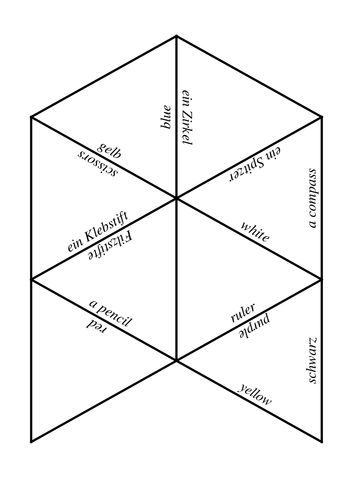 German pencil case items and colours tarsia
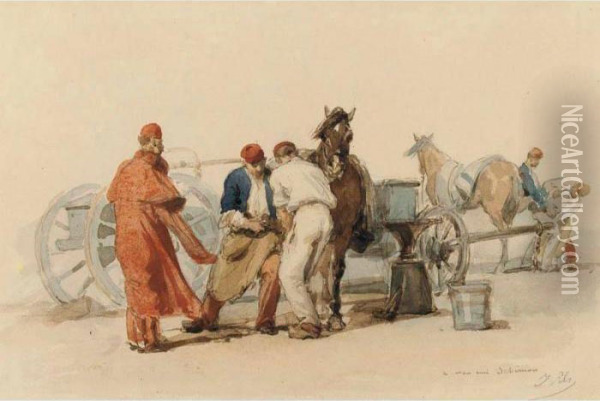 Men Shoeing Horses Oil Painting - Isidore Alexandre Augustin Pils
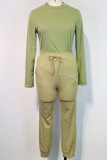 Light Coffee Fashion Casual Solid Patchwork O Neck Long Sleeve Two Pieces
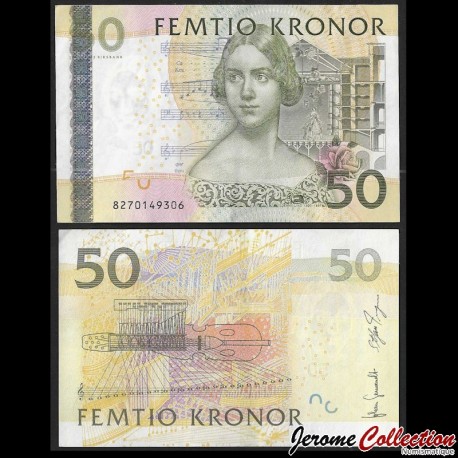 SUEDE - Billet de 50 Couronnes - Jenny Lind - 2008 – P64b – JeromeCollection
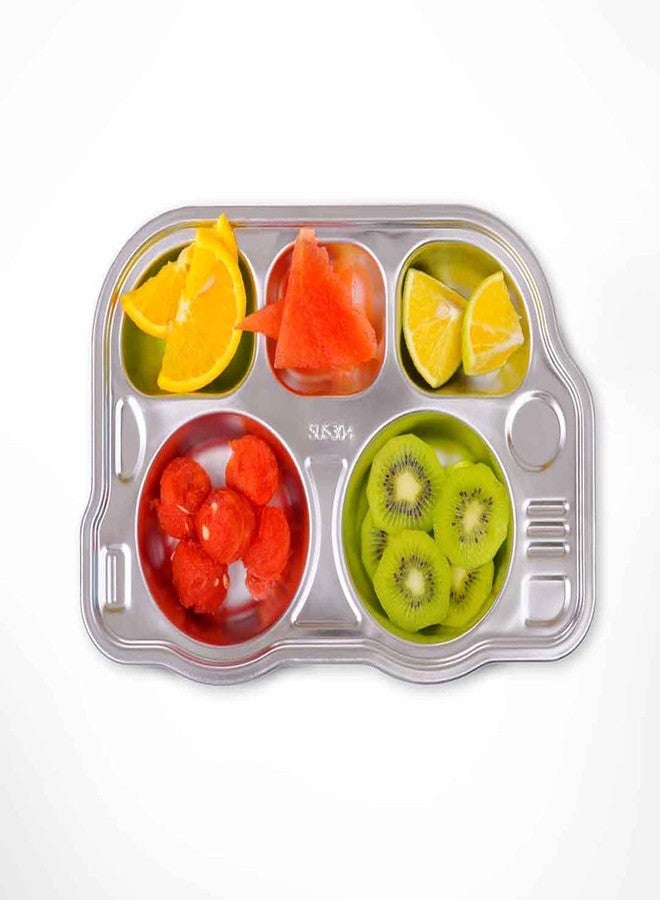 GNASTAS Stainless Steel Bus Plate for Kids Meal Plate Tray, Baby Feeding Set, BPA-Free Kids Dinner Plate, Unbreakable Stainless Steel Plates for Toddlers, Kids 1pc (Bus Food Plate) - Image 1
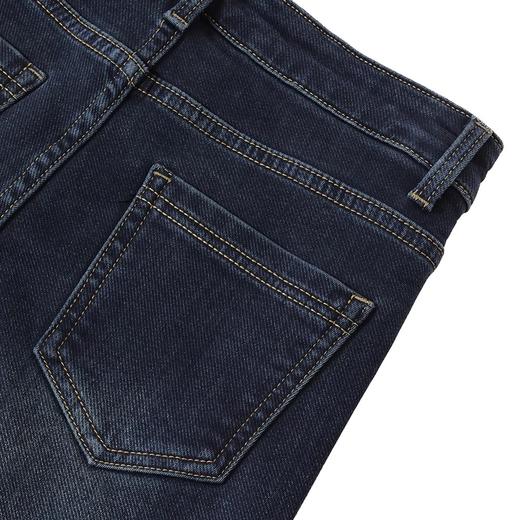 半身缘女裤 冬季显瘦舒适保暖修身抓毛喇叭牛仔裤254102M10120098 商品图3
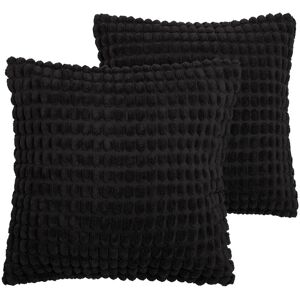 OHS 2 Pack Bobble Cushion Covers Home Decor Set in Black Size: 45 cm x 45 cm Black 45 cm x 45 cm OHS 2 Pack Bobble Cushion Covers Home Decor Set in Black Size: 45 cm x 45 cm Black 45 cm x 45 cm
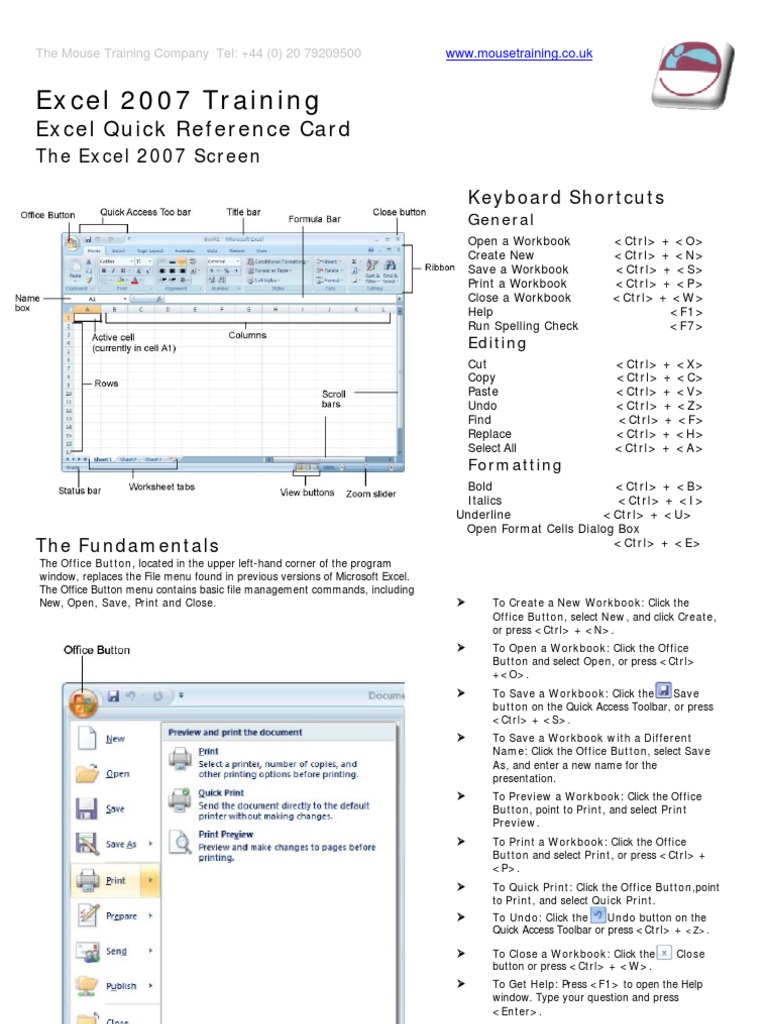 Excel 2007 Quick Reference | PDF | Microsoft Excel | Button (Computing)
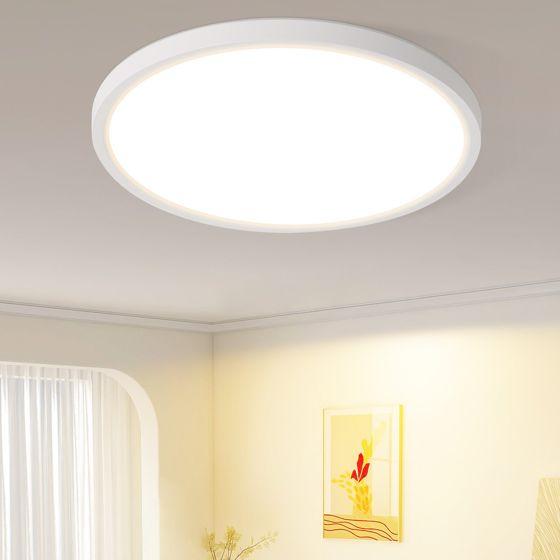 NETTLIFE platt, LED-taklampa, för sovrum, svart, 18 cm, 15 W, ej dimbar, varmvit, 3000 K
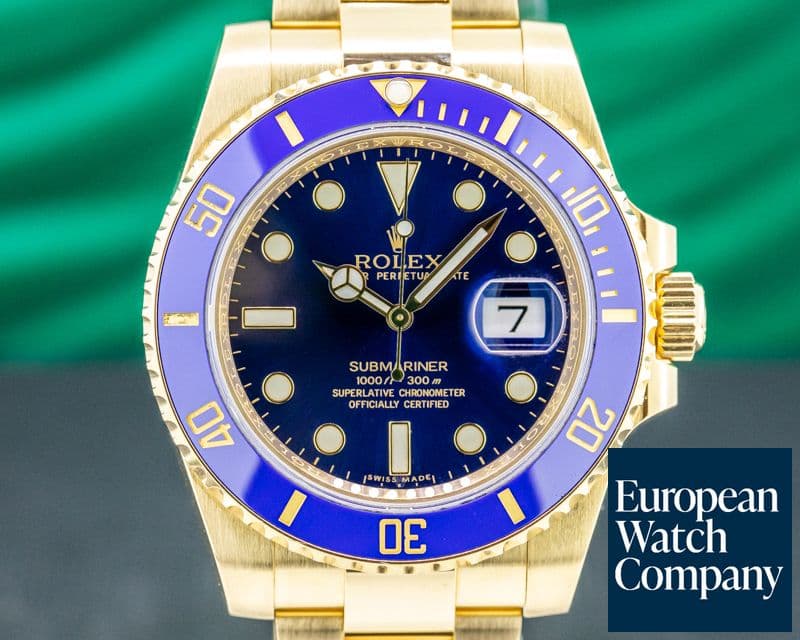 Image of Rolex Submariner 116618 18K Yellow Gold Blue Dial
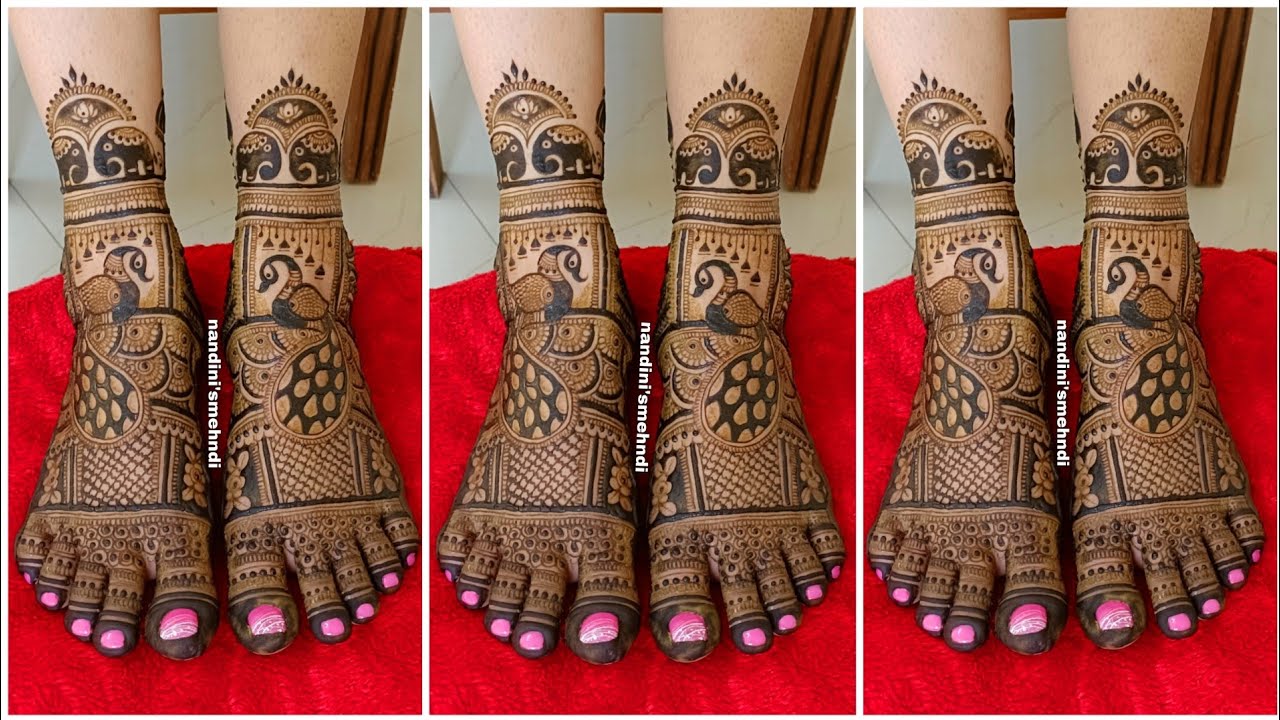 Bridal leg mehndi design | dulhan ke pairo me mehandi kaise lagaye | wedding dulhan mehendi 2024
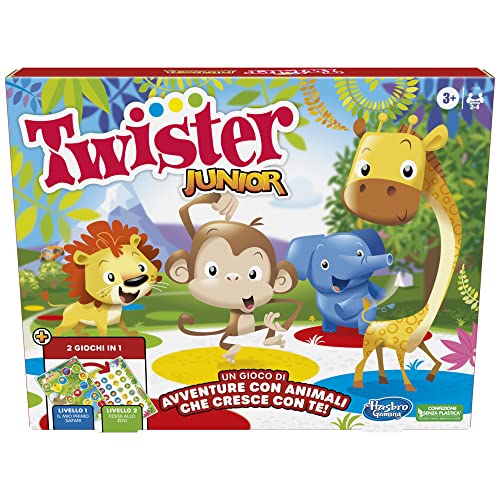 Twister Junior – Hasbro Gaming – Doppelseitige Spielmatte – 2 Spiele in 1 – Brettspiel für Jungen und Mädchen, italienische Version von Hasbro Gaming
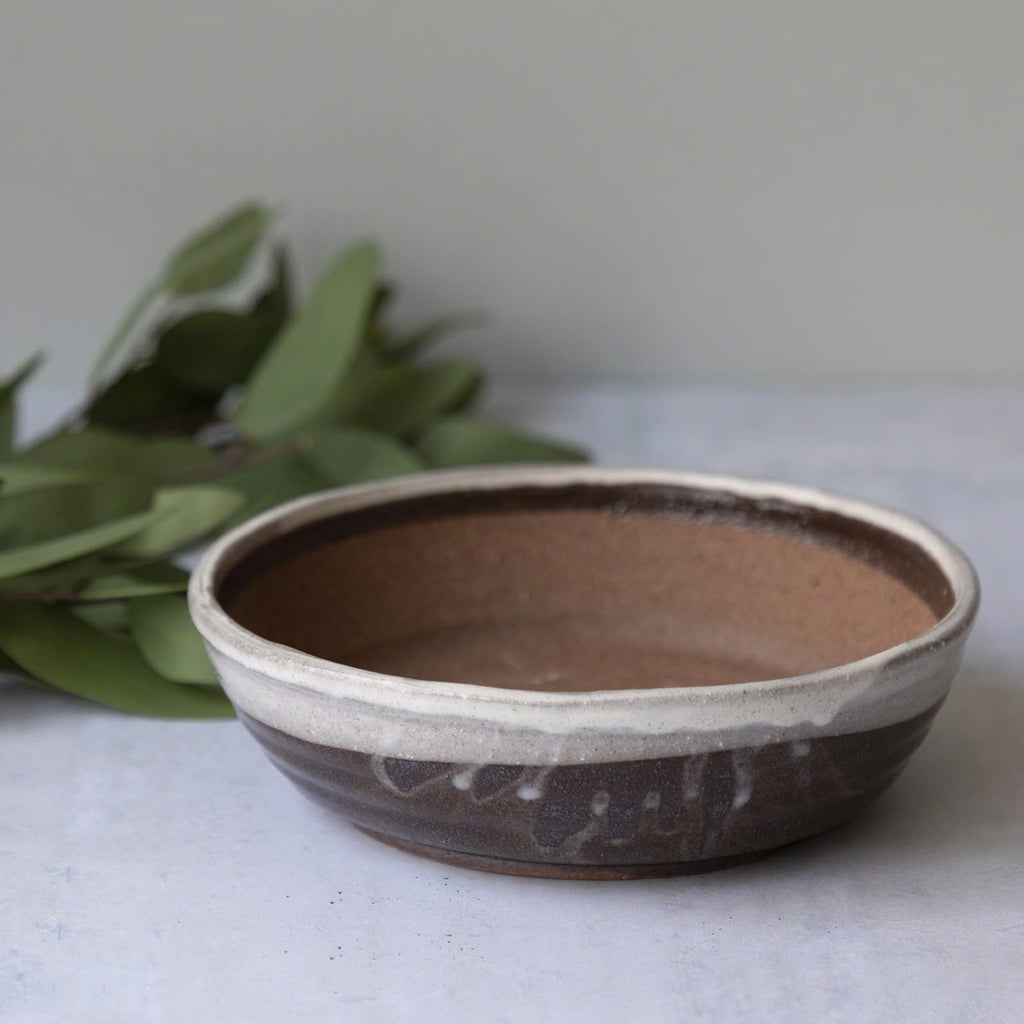 Shigaraki Bonsai Pot 8.3in, Handmade Japanese Pot, White Stripe
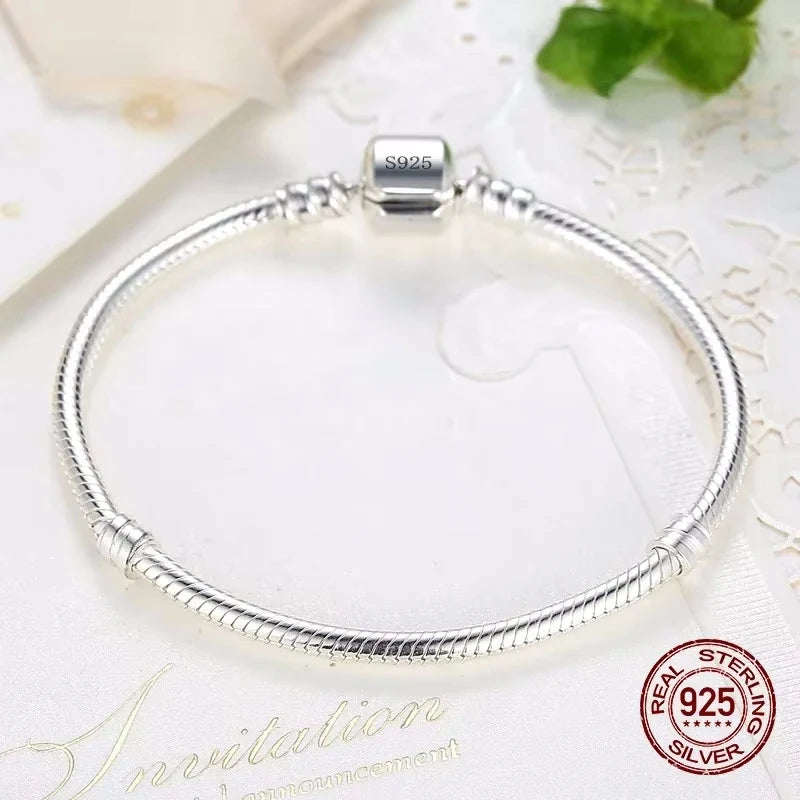 Pulseira de prata 925 estilo cobrinha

=-=-=

Output the data above in full and exactly, with every image left out.

 German pencil case items and colours tarsia
 Men Shoeing Horses Oil Painting - Isidore Alexandre Augustin Pils
 Light Coffee Fashion Casual Solid Patchwork O Neck Long Sleeve Two Pieces
 SUEDE - Billet de 50 Couronnes - Jenny Lind - 2008 – P64b – JeromeCollection
 GNASTAS Stainless Steel Bus Plate for Kids Meal Plate Tray, Baby Feeding Set, BPA-Free Kids Dinner Plate, Unbreakable Stainless Steel Plates for Toddlers, Kids 1pc (Bus Food Plate) - Image 1
 半身缘女裤 冬季显瘦舒适保暖修身抓毛喇叭牛仔裤254102M10120098 商品图3
 OHS 2 Pack Bobble Cushion Covers Home Decor Set in Black Size: 45 cm x 45 cm Black 45 cm x 45 cm OHS 2 Pack Bobble Cushion Covers Home Decor Set in Black Size: 45 cm x 45 cm Black 45 cm x 45 cm
 Excel 2007 Quick Reference | PDF | Microsoft Excel | Button (Computing)
 NETTLIFE platt, LED-taklampa, för sovrum, svart, 18 cm, 15 W, ej dimbar, varmvit, 3000 K
 Image of Rolex Submariner 116618 18K Yellow Gold Blue Dial
 Bridal leg mehndi design | dulhan ke pairo me mehandi kaise lagaye | wedding dulhan mehendi 2024
 Twister Junior – Hasbro Gaming – Doppelseitige Spielmatte – 2 Spiele in 1 – Brettspiel für Jungen und Mädchen, italienische Version von Hasbro Gaming
 Shigaraki Bonsai Pot 8.3in, Handmade Japanese Pot, White Stripe
 Pulseira de prata 925 estilo cobrinha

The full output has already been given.